[Image-caption web data]
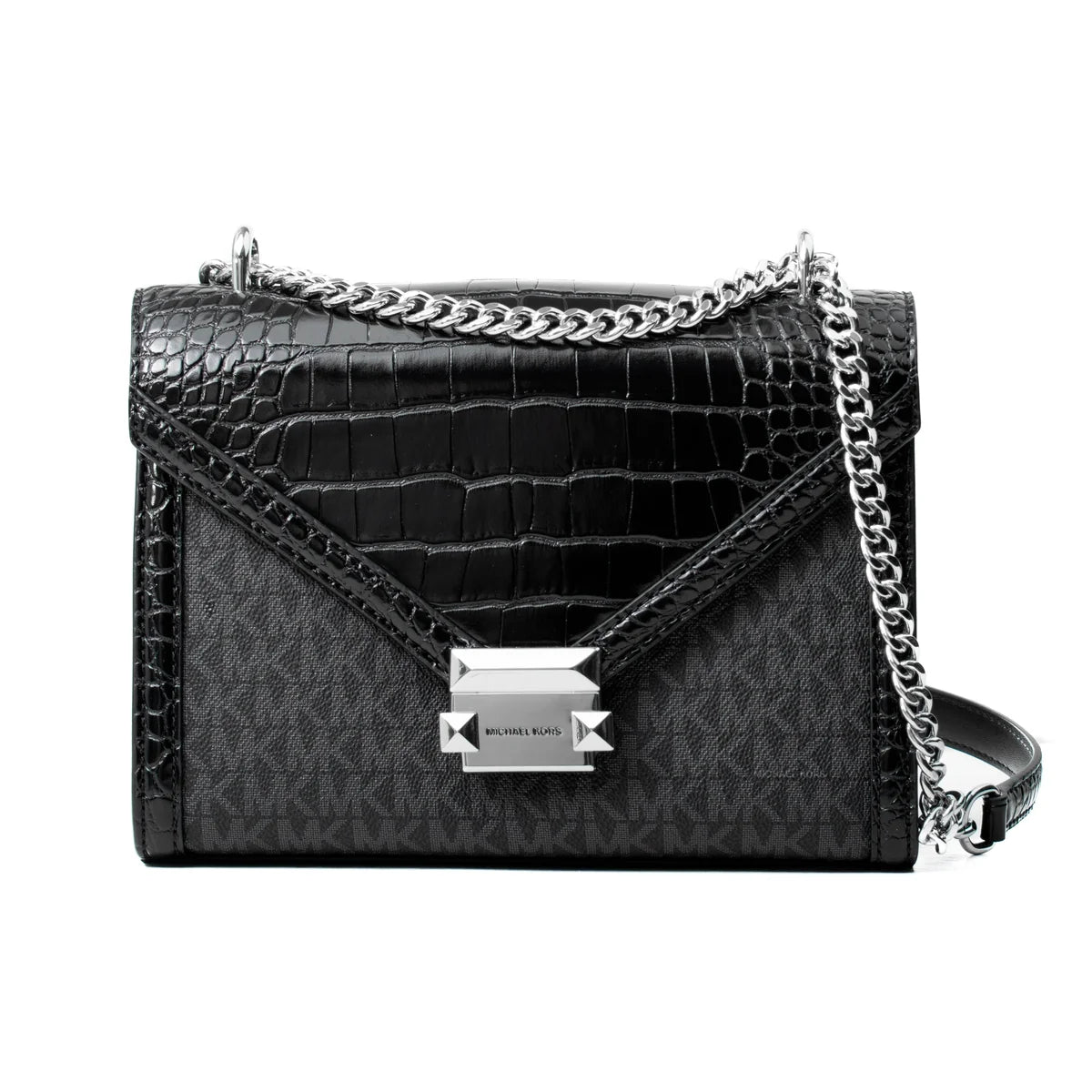 MICHAEL KORS 35S5SWHL6BBLA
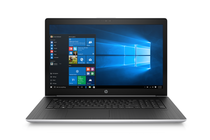 ������� � ��������� �������� � ������ HP ProBook 470 G5 3VJ32ES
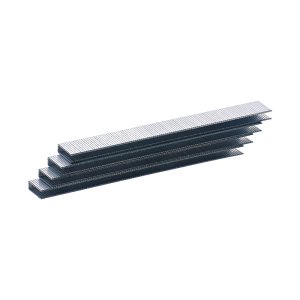 FUBAG Скобы для SN4050 (1.05x1.25мм, 5.7x22.0, 5000 шт) в Ставрополе фото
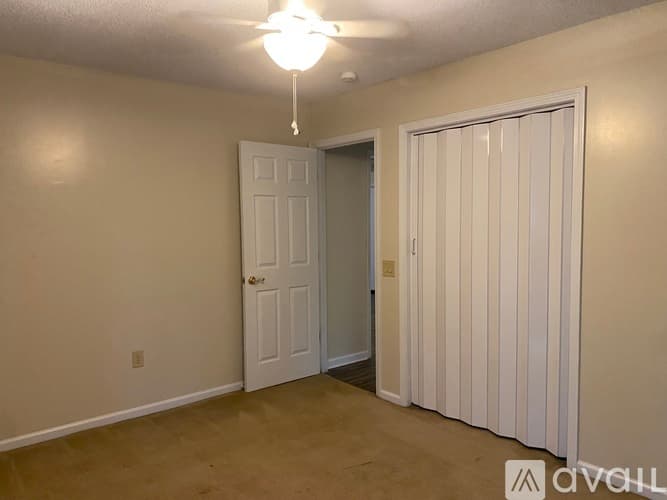 Fort Mill House: 212 Applegate Lane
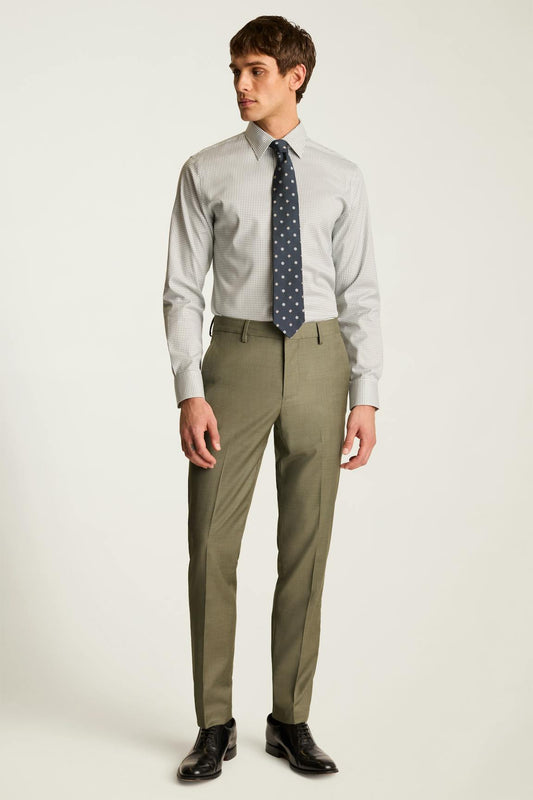 Jetsetter Wool Dress Pant Bonobos Popular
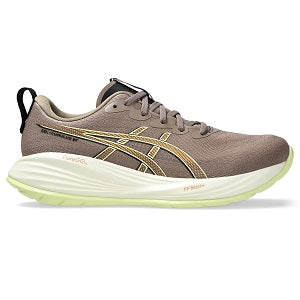 Asics Gel Cumulus 27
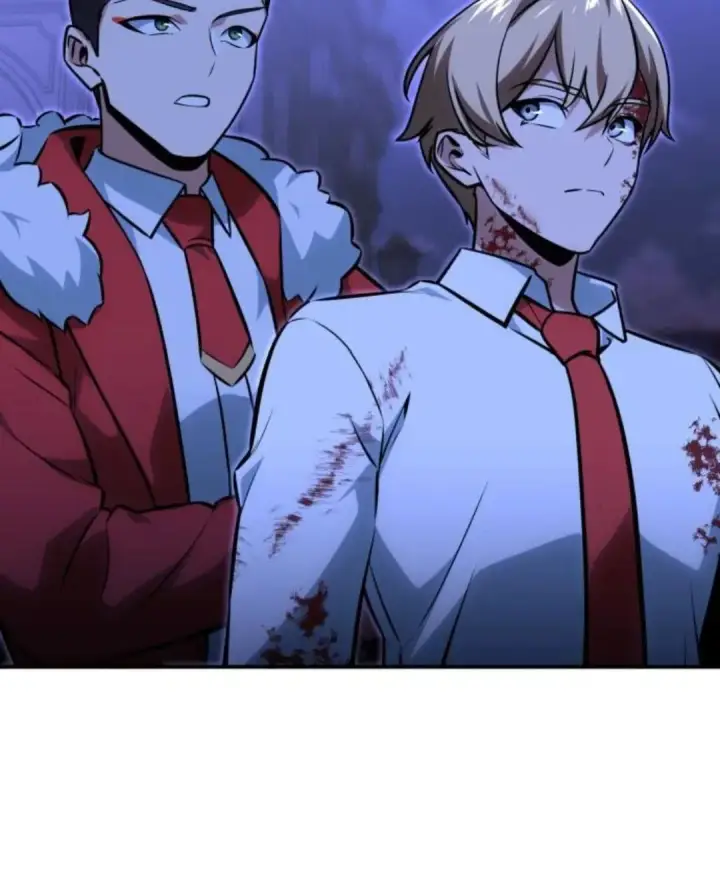 漫画《配角在学院生存》配角在学校生存10第23张图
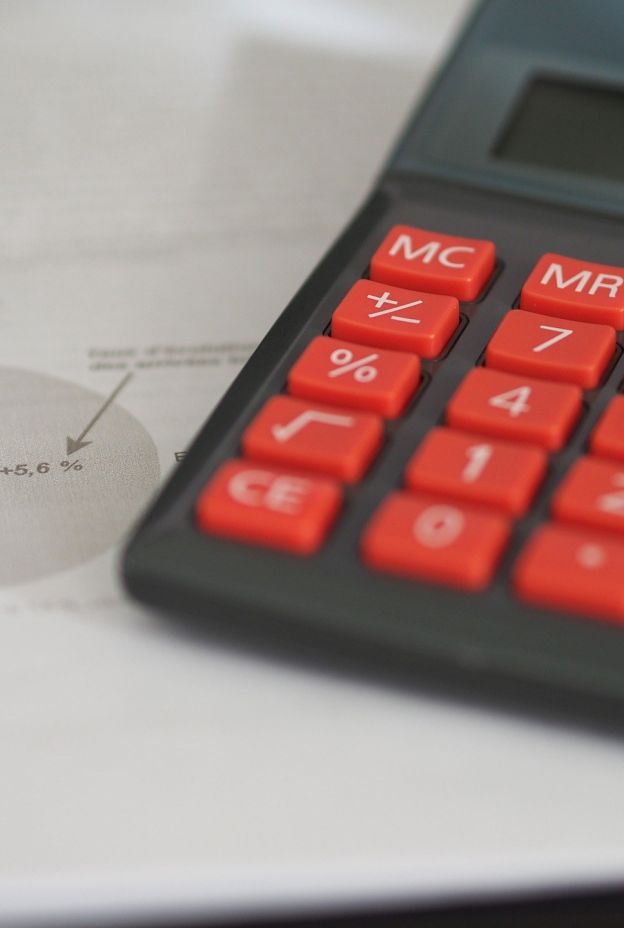 Business 861323 1920 pixabay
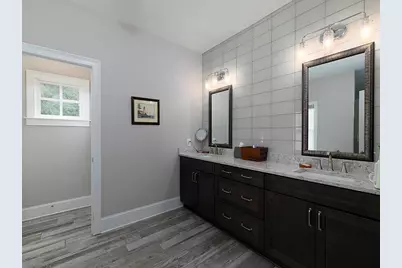 4574 Lois Street SE, Smyrna, GA 30080 - Photo 36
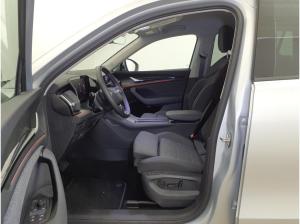 Skoda Kodiaq 2.0 TDI DSG 🔥  SELECTION🔥  4x4 AHK Navi MatrixLED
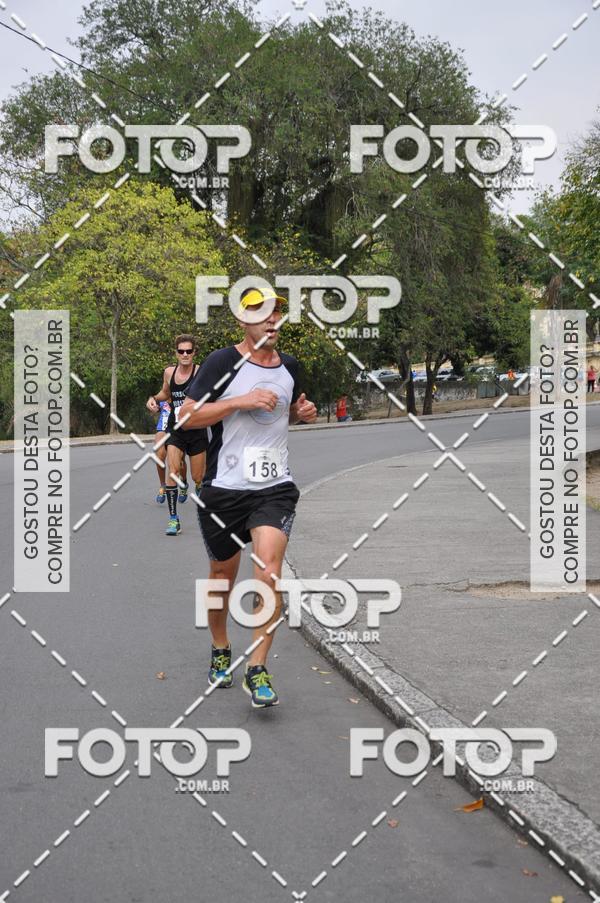Buy your photos of the event1� Corrida Renegados Run on Fotop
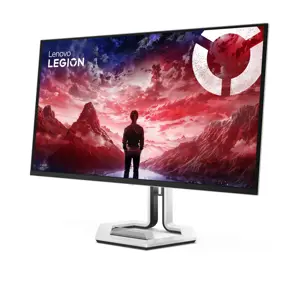 lenovo-legion-pro-27q-10-computer-monitor-673-cm-265-2560-x--72000-monlevmon0275.webp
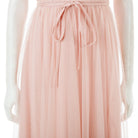 Drama Consultant - MARCHESA NOTTE - MISHMASH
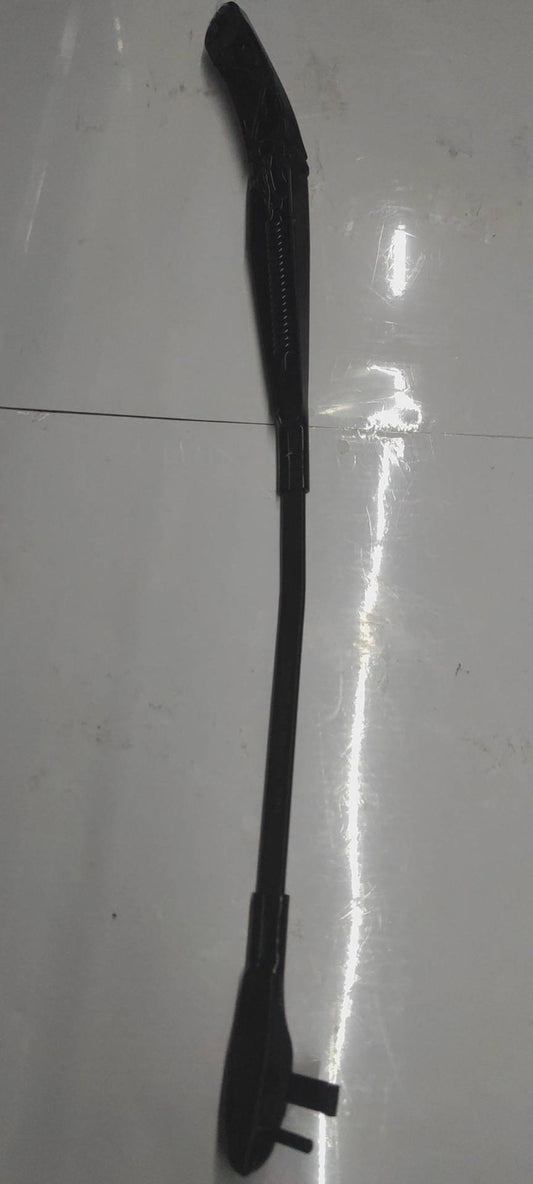 ya 3 6.25 Front Left Washer Wiper Arm for Mercedes-benz C216 W221 S300 350 500 600 L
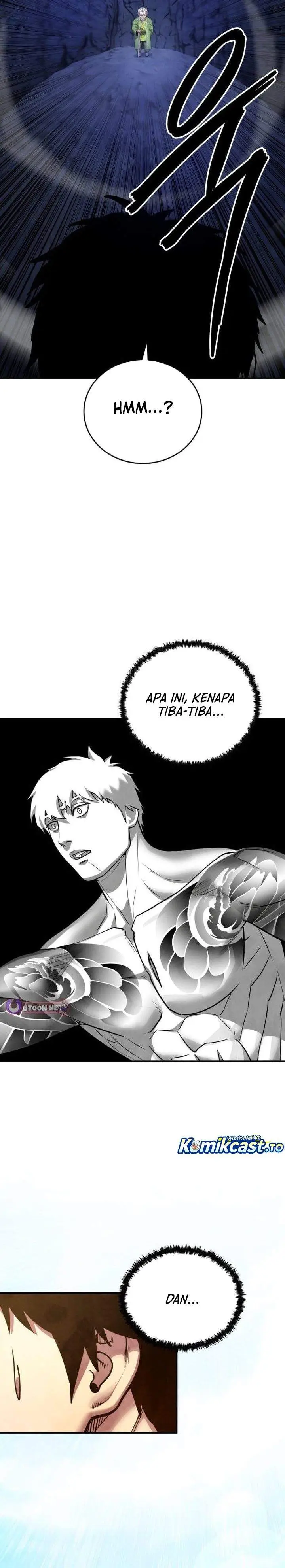image-komik-guest-gun-chapter-76-4/43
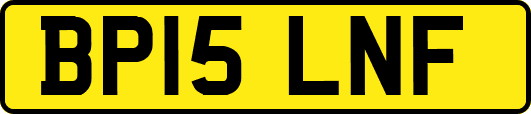 BP15LNF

# EXERCISE INSTRUCTIONS
Looking at the records above, extract only the lines from the one with "Asics Gel Cumulus 27" through the last line, exactly, with the pictures left out.

# THE ANSWER
 Asics Gel Cumulus 27
 漫画《配角在学院生存》配角在学校生存10第23张图
 Business 861323 1920 pixabay
 4574 Lois Street SE, Smyrna, GA 30080 - Photo 36
 Skoda Kodiaq 2.0 TDI DSG 🔥  SELECTION🔥  4x4 AHK Navi MatrixLED
Buy your photos of the event1� Corrida Renegados Run on Fotop
 lenovo-legion-pro-27q-10-computer-monitor-673-cm-265-2560-x--72000-monlevmon0275.webp
 Drama Consultant - MARCHESA NOTTE - MISHMASH
 ya 3 6.25 Front Left Washer Wiper Arm for Mercedes-benz C216 W221 S300 350 500 600 L
image-komik-guest-gun-chapter-76-4/43
 BP15LNF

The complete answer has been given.